Today marks the last day of Pulmonary Fibrosis Awareness Month, a month designed by the Pulmonary Fibrosis Foundation (PFF) to raise awareness of this complex disease and help to mobilize the community to educate the public about its symptoms and treatments, in effort to help increase diagnosis and gather support for those living with IPF.
What’s challenging about IPF is that its cause is idiopathic, or unknown, and can arise spontaneously. While it’s still considered a rare disease, according to the American Lung Association, IPF is more common than we once thought, with up to 132,000 people affected in the United States and around 50,000 new cases diagnosed each year. It is progressive and irreversible, with no cure, and ultimately a terminal condition. The mean survival for an individual diagnosed with IPF is only 3–5 years. However, given its unpredictable nature, it is impossible to know how slow or fast IPF will progress with each person.

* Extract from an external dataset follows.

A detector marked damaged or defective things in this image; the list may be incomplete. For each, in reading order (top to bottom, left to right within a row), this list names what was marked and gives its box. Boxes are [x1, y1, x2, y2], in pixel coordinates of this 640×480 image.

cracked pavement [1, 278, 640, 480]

While there is no cure for IPF there are treatments to help slow the progression of the disease. Receiving a proper diagnosis and starting treatment is critical to helping increase the quality and longevity of life for people with IPF, but treatment is limited.

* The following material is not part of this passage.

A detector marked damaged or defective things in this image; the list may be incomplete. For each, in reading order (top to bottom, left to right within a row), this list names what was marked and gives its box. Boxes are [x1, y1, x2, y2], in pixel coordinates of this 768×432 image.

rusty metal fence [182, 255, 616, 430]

Right now, there are only two medications, pirfenidone and nintedanib, approved by the Food and Drug Administration (FDA) for IPF. Both agents have been shown to slow the progression of IPF through antifibrotic effects, which can help preserve lung function. Before pirfenidone and nintedanib, failures and negative clinical trial results were common in IPF research.
While their approvals are welcome and needed, I believe these treatments are just the beginning in a new era of hope for patients suffering from IPF. It remains, without question, that the development of novel therapeutic approaches in treating IPF is still the largest unmet need for those living with the disease, in part because both pirfenidone and nintedanib carry significant side effects, limiting their broad use, and their effectiveness is only modest in treating mild to moderate disease. But it’s also urgent because the response to pirfenidone and nintedanib is heterogeneous, varying from patient to patient. That is partially because of the unknown cause of the disease and its varying progression across different patients.

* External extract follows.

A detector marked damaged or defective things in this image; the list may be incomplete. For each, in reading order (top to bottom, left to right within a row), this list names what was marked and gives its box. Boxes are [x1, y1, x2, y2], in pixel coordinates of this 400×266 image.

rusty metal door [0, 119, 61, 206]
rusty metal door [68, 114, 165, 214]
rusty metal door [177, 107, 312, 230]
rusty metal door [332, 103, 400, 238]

Several companies are taking aim at IPF with novel targeted approaches, including Aria. And we must take all shots on goal for this complex disease. In fact, we are taking two. Earlier this year, we announced that two of our IPF candidates, TXR-1002 and TXR-1007, decrease lung fibrosis as measured by a significant reduction in lung collagen staining, with mean levels slightly lower than that observed with nintedanib along with a decrease in inflammation. Both candidates use novel mechanisms of action. These early results show us that we are on the right track to create a new drug with a differentiated mechanism of action that we expect will be more effective across heterogenous patient population and better tolerated than the current standard of care.
IPF Awareness Month is only a point in time. To patients it’s a daily fight. The same rings true for us, and many other researchers who are working daily to find and develop new, promising treatments. I remain excited and committed to this therapeutic area and Aria remains committed to advancing these potential treatments into clinical research, with the hope that one day patients will benefit from our work. I remain equally excited by the wave of new research into IPF, as several companies test dozens of novel therapies. I truly believe we are entering a new era of hope for patients living with IPF. While there is much still to learn, and today’s prognosis can be devastating, within a few years that may change completely.